Akademisi dari Univesitas Nasional Ismail Rumadan menilai, penerbitan Peraturan Pemerintah Pengganti Undang-Undang (Perppu) Nomor 2 Tahun 2022 tentang Cipta Kerja merupakan sebuah pembodohan publik. Mengingat tidak ada alasan kegentingan sebagai persyaratan terbitnya perppu.
Menurut Ismail, pemerintah seakan tidak peduli dengan putusan Mahkamah Konstitusi (MK) untuk merevisi UU Cipta Kerja.

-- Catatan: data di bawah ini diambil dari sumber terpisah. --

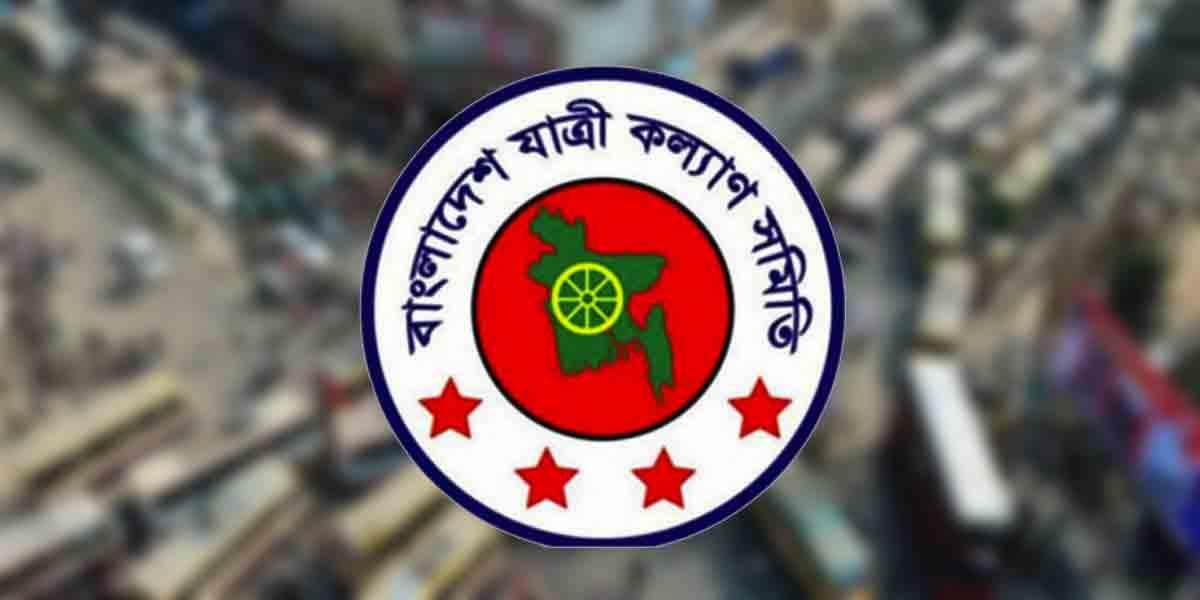 জুন মাসে সড়ক দুর্ঘটনায় নিহত ৭১১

Apalagi menurut MK, UU Cipta Kerja bertentangan dengan UUD 1945 atau inkonstitusional bersyarat.
"Putusan MK ini mengisyaratkan agar pemerintah mendapat kesempatan selama dua tahun untuk memperbaiki UU Ciptaker agar sesuai dengan UUD 1945," ujar Ismail di Jakarta, Minggu (1/1).
Tetapi yang terjadi, kata Ismail, perintah putusan MK tidak diindahkan oleh pemerintah dan malah menerbitkan perppu sebagai peraturan pengganti UU Cipta Kerja. Pemerintah berdalih adanya keadaan darutan yang disandarkan pada perang Ukraina-Rusia.
"Apa hubungannya ya? Ini alasan yang sunggu memberikan pelajaran yang keliru bagi publik. Publik seakan merasa dibodohi oleh pemerintah dengan logika yang menyesatkan dalam penerbitan perppu tersebut," ucap Ketua Umum Pemuda ICMI ini.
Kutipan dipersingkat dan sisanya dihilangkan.